What the task asks: Omit all pictures, and print word for word only the lines from the one containing "Protesta en Cartagena" through the end of the data.

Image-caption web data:
-*-*-

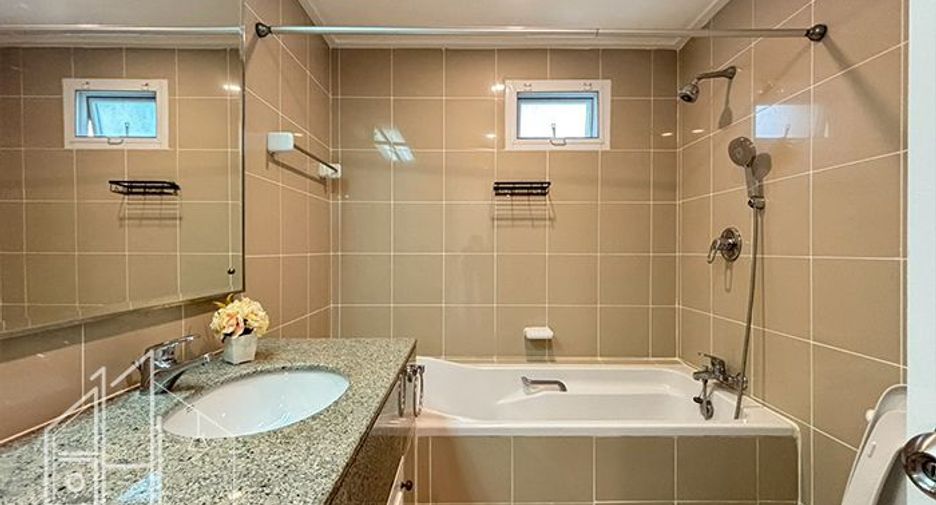 For rent 3 bedrooms apartment in Khlong Toei, Bangkok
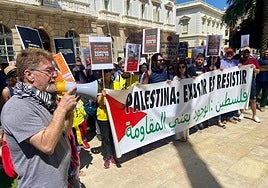 Protesta en Cartagena este miércoles por la llegada de un carguero con armas al Puerto.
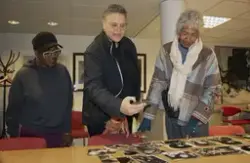 Sosialantropolog Michelle Tisdel (til venstre) fra Nasjonalb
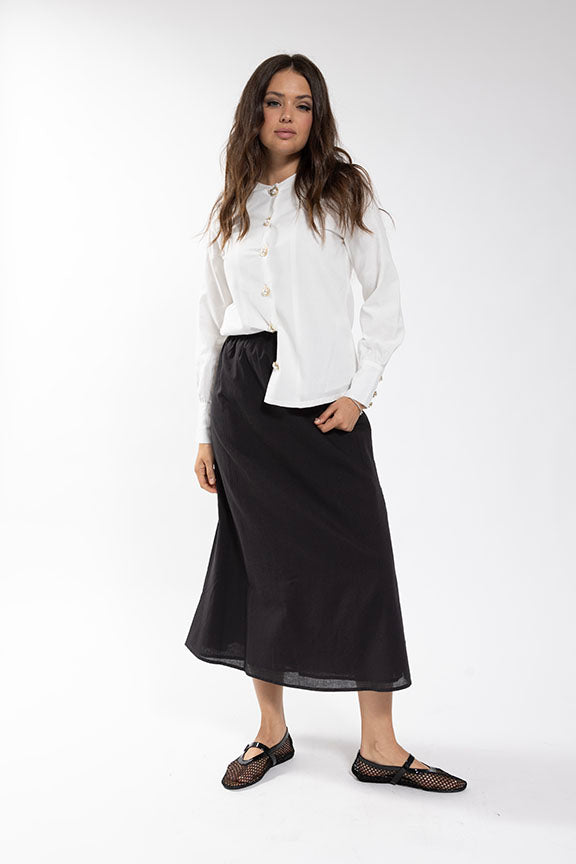 Static Pearl Button Linen Blouse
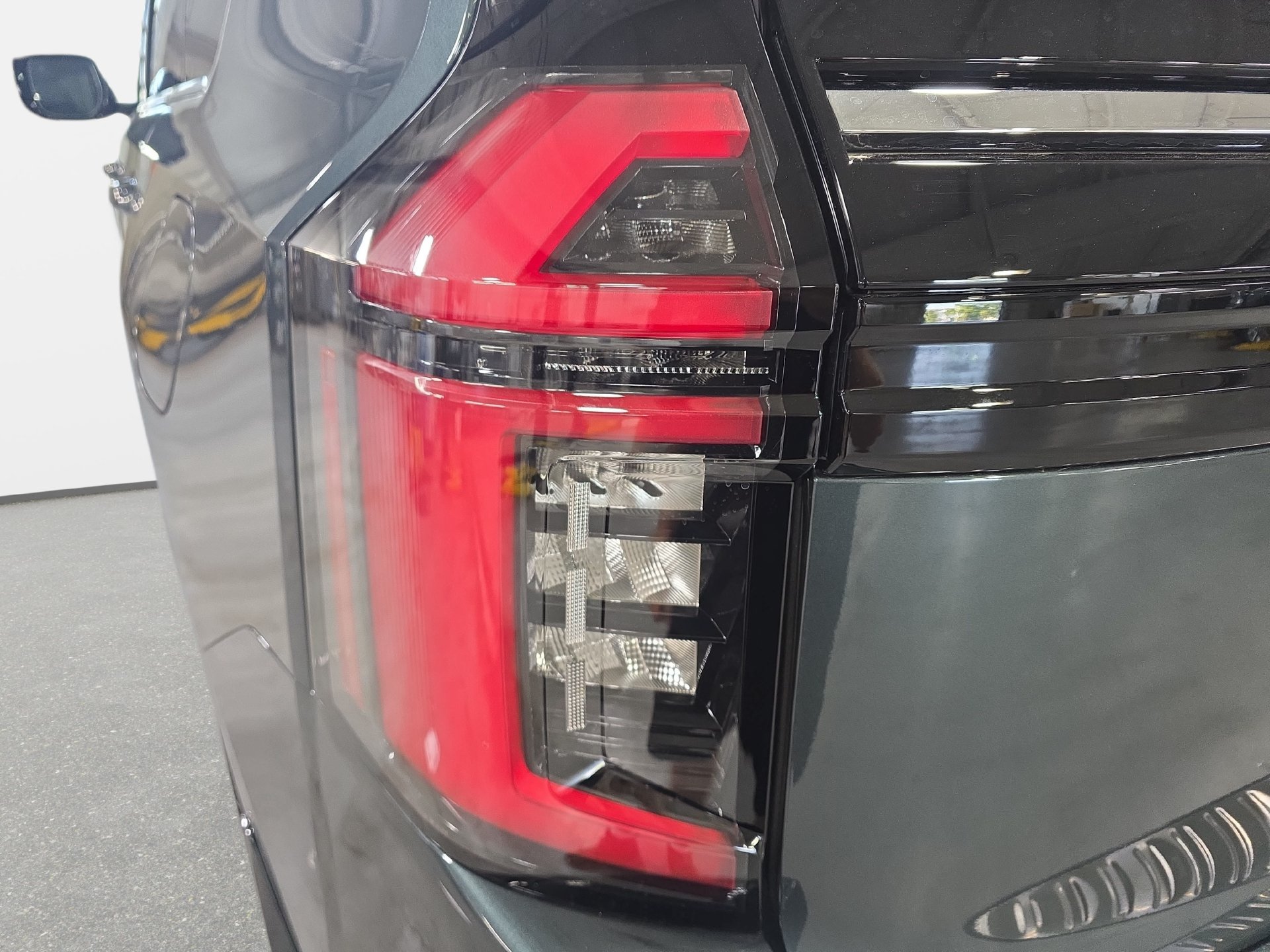 New 2026 Nissan Armada SL w/ Captain's Chari Seat Package AWD/4WD image 31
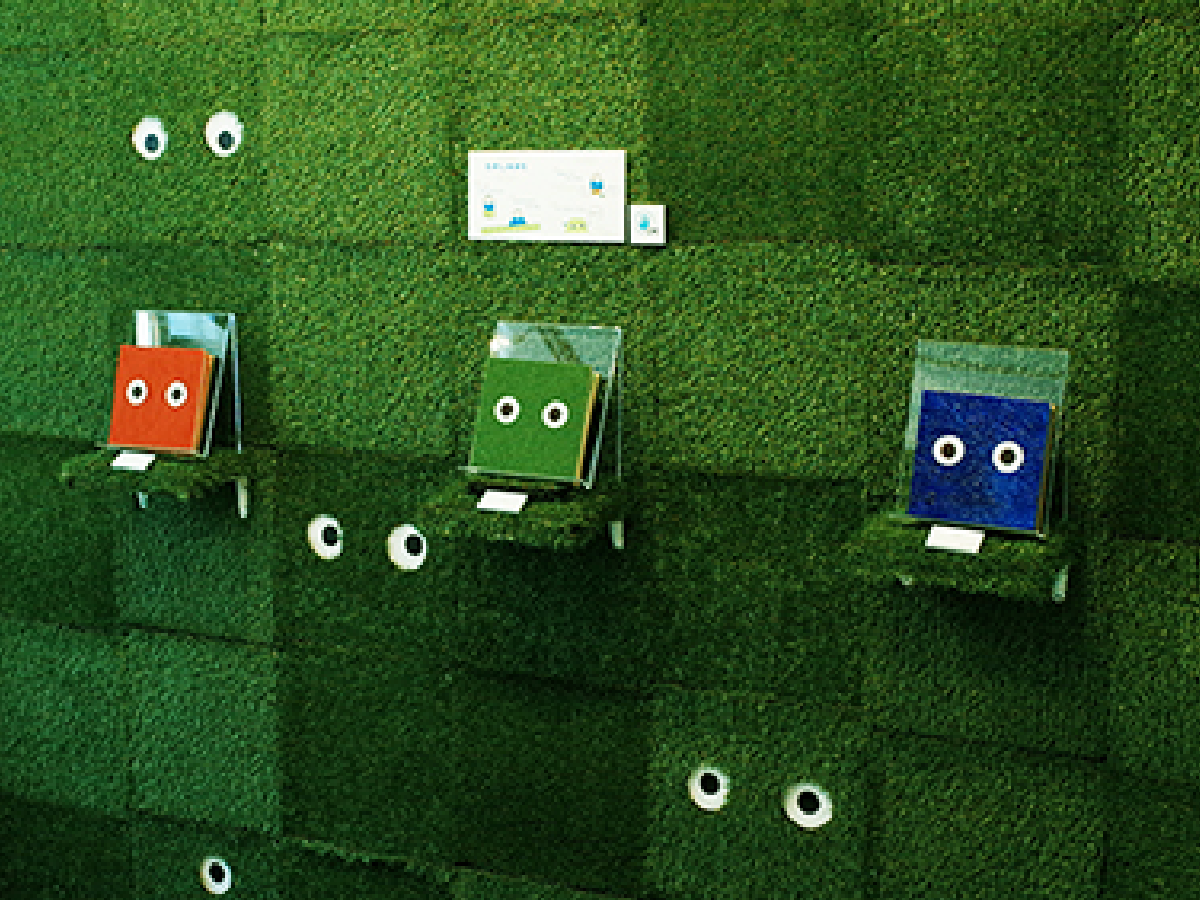3つの絵本を展示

-*-*-

Answer to the problem:
 Protesta en Cartagena este miércoles por la llegada de un carguero con armas al Puerto.
 Sosialantropolog Michelle Tisdel (til venstre) fra Nasjonalb
 Static Pearl Button Linen Blouse
 New 2026 Nissan Armada SL w/ Captain's Chari Seat Package AWD/4WD image 31
3つの絵本を展示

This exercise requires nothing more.